СМИ выручили власть, поскольку не допустили роста оппозиционных настроений в обществе.
В адрес власти и лично президента раздавалось немало критики. Но эта критика ничуть не подорвала престиж власти. Напротив, на фоне всеобщего осуждения террористов критика власти выглядела неубедительно. Если бы эта критика шла по неформальным каналам, как в Советском Союзе (слухи, самиздат и проч.), то она была бы действенной. Но в открытом бою с теми, кто поддержал спецоперацию в театральном центре, критика власти выглядела достаточно бледно.
Однако стоит ввести цензуру, начать публиковать «единственно правильную» точку зрения — и оппозиционная точка зрения станет восприниматься как в былые времена, т. е. как Правда, скрываемая властями. Сейчас есть диссидентствующие издания и журналисты. В случае введения цензуры диссидентами станет большинство населения страны.

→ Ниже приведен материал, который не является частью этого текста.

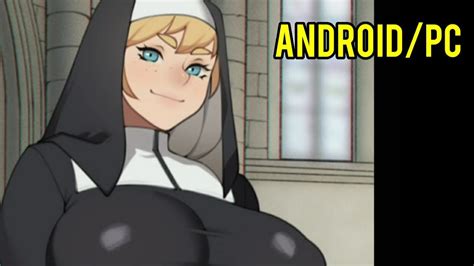 The Nun Renpy Gameplay Android Pc Gameflixav Youtube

Многие преподносят введение цензуры в СМИ как необходимую защитную меру. Но не телевизор виноват в том, что война в Чечне не кончается. Если бы дело было только в СМИ, то проблема решалась бы легко. Однако цензура не может заменить политического решения проблемы Чечни. Поскольку решения пока нет, будут искать «стрелочника». Сейчас эта роль отведена СМИ. При этом власть, кажется, совсем не думает о том, кто выручит ее в следующий раз, если трагедия повторится.